Wednesday, September 29

9.00-10.25 (Chicago)/16-17.25 (Vienna)

Triinu Eesmaa, University of Vienna
"Is There Felicitous Underspecification?"
Felicitous Underspecification is the thesis that there are uses of declarative sentences, which do not express a unique proposition. In this talk, I will do three things. First, I will spell out a set of assumptions, often held by semanticists, which will be placed under pressure if Felicitous Underspecification is true. Second, I will describe four alleged cases of felicitous underspecification. These cases involve gradable adjectives, quantifiers, demonstrative pronouns, and epistemic modals. I will argue that while the cases involving a gradable adjective, a quantifier, and a demonstrative pronoun are felicitously underspecified, the case with an epistemic modal is not. Third, I will describe a range of objections to Felicitous Underspecification and respond to them. 


10.35-12 (Chicago)/17.35-19 (Vienna)

Mike Tabatowski, University of Chicago
"High Negation Polar Questions as Requests for Epistemic Status"

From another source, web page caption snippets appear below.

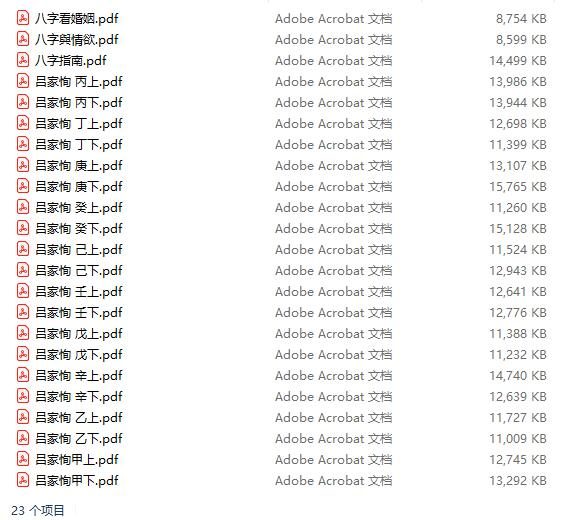 吕家恂八字电子书籍23册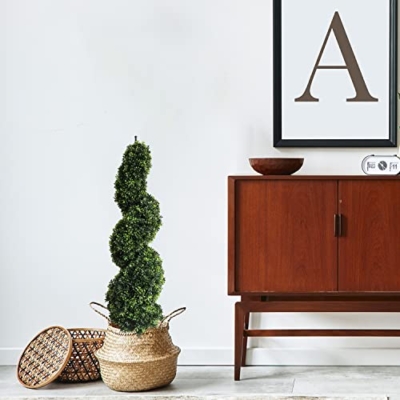 Product: 43.3 Inch Artificial Spiral Boxwood Topiary Trees, 2Pcs Faux Boxwood Plants Potted for Indoor Outdoor Decor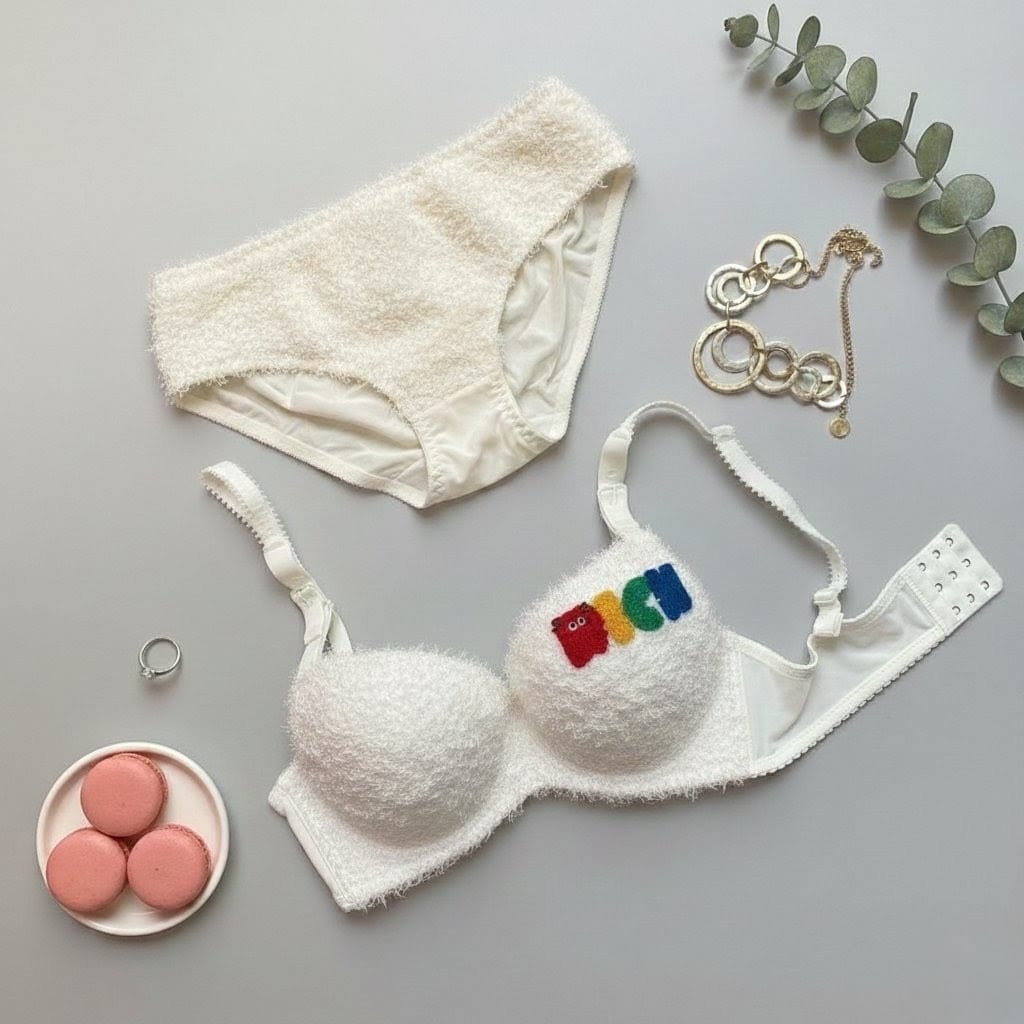 Cute Faux Fur Sexy Bra & Panty Set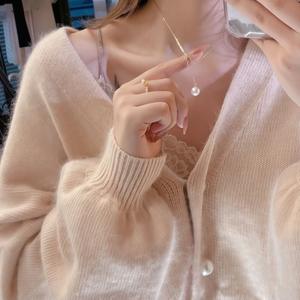 Collier rond en perles d'eau douce de 7-8 mm avec pendentif gourde miniature en or 14 carats de luxe Zhuji, chaîne de cou polyvalente et exquise - Product Image 2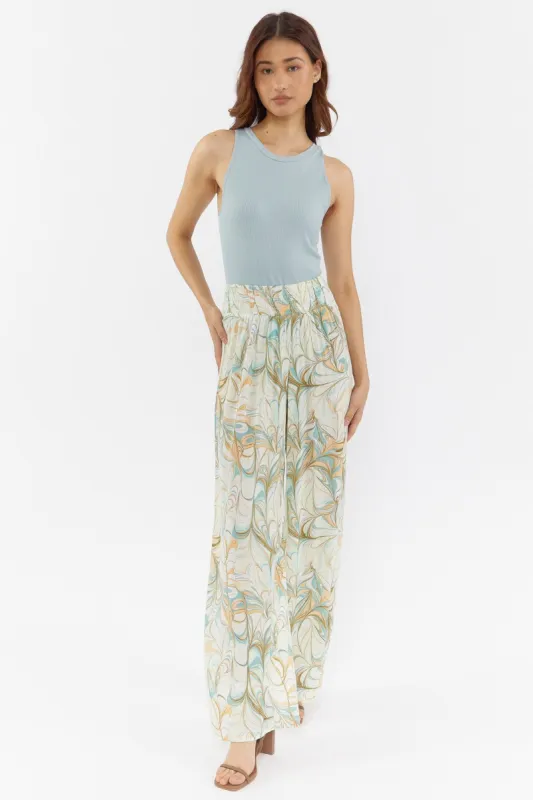 White Print Linen Wide Leg Pant sold by Urban Planet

Standard views of the semantics of polar questions take them to denote a partition on logical space, in which one cell corresponds to the radical proposition of the question and the other to its complement. An issue for approaches along these lines is that polar questions can appear in a variety of surface syntactic configurations, with corresponding semantic and pragmatic effects. My dissertation focuses on one such construction, the High Negation Polar Question (HNPQ) as in (1), contrasting it primarily with canonical Positive Polar Questions (PPQs) as in (2):

1) Don't Muslims eat beef?
2) Do Muslims eat beef?

The question in (1) carries with it a particular kind of bias, or expectation, on the part of the asker. In particular, the asker can be taken to expect that Muslims do, in fact, eat beef. It is an open question what the source and the nature of the bias inference in (1) is. A number of accounts take the obligatory presence of negation in a syntactically high position in HNPQs to suggest that they involve negation scoping over an epistemic or discourse-related operator, and attempt to derive the bias inference from there. My approach is also broadly along these lines; I propose modeling all polar questions as, roughly, requests for epistemic update. On this approach, the canonical PPQ in (2) means that the speaker would prefer that his or her epistemic state change to entail that Muslims eat beef. The HNPQ involves negation scoping over the "epistemic update" operator, expressing that the speaker would prefer his or her epistemic state not change (i.e., remain the same) while still entailing that Muslims eat beef. This, I suggest, intuitively captures the bias inference in a way that existing accounts do not, while also providing a good framework for a characterization of the conditions of use of polar questions more generally. This project is work in progress, so I would appreciate any feedback at any level of analysis.


Thursday, September 30

9-10.30 (Chicago)/16-17.30 (Vienna)

Triinu Eesmaa, University of Vienna
"Accommodating Felicitous Underspecification"
In this talk, I will take it for granted that there are cases of felicitous underspecification, i.e. cases in which a felicitous utterance of a declarative sentence does not express a unique proposition. Some authors have argued that in order to accommodate such cases, we should drop Propositional Semantics, i.e. the assumption that semantics determines for each sentence-context pair a semantic value which is (or determines) a proposition. I think that felicitous underspecification does not warrant such a structural reconceptualisation of semantics. I propose that instead, we should more carefully consider the relationship that holds between a semantic theory with which a speaker has competence, and an utterance. I will argue that not each felicitous utterance determines a unique context-sentence pair that pertains to the utterance. On my view, cases of felicitous underspecification ought to be conceived of as cases in which there is uncertainty about how exactly the semantic machinery applies. Nevertheless, propositional semantics offers a relatively good explanation of linguistic competence. 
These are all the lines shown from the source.